I’ve already outlined what American needs to do in my previous post, The predicAAment facing American AirlinesTo summarize again, they operate fairly well but need to get rid of their exorbitantly high labor costs. That would include eliminating or freezing the hugely underfunded pensions (looks like they’re going for the freezing option) and possibly another round of pay cuts, among other things. If they do so and they don’t face any major roadblocks, they will be out of bankruptcy by this time next year. In addition, their large order for new Airbus and Boeing aircraft will boost their fuel efficiency competitiveness and lower their costs further.

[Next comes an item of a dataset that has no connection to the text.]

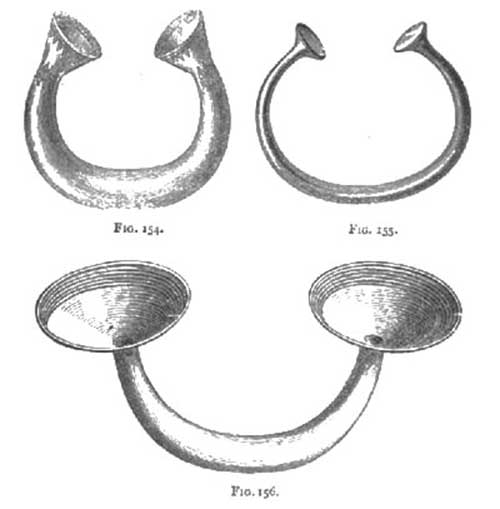 Examples of gold bunne-do-at or fibula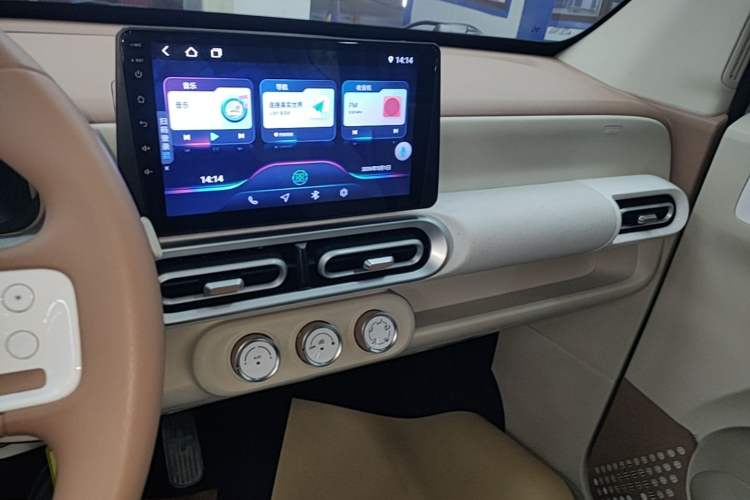 Used Wuling Hongguang MINIEV 2024 3rd Generation 215km Youth Edition Audio And AC Panel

US Airways, on the other hand, would face a tougher road if it remains independent. As I previously mentioned, the company is stuck between the LCC and legacy carrier tiers, and that position is hampering their ability to compete because their competition is not clear. While it is true that all airlines compete against each other, they must first compete against other carriers in their tier (if you’re a college football fan, you know that your team must first win the conference title before they win the national championship). These “hybrid” carriers do not have a strong history of success, as illustrated by the short-lived experiments of Ted and Song, low-cost subsidiaries that United and Delta launched, respectively, to compete with LCC’s like Southwest. I do not believe that US Airways would liquidate if they remain independent, but a no-merger scenario would be a huge missed opportunity for US Airways to get the growth it needs to remain truly competitive and to boost itself into the legacy tier.

CONCLUSION

US Airways needs this merger more than American Airlines does. In the last four years, US Airways has held merger discussions with Delta and United, both of which obviously failed. Doug Parker, CEO of US Airways Group, claims that he’s just adamant about airline consolidation in principal, but this latest merger attempt tells me that they’re desperate to boost themselves with a partner because they can’t do it themselves. Unfortunately, US Airways does not bring much to the table besides a large east coast operation.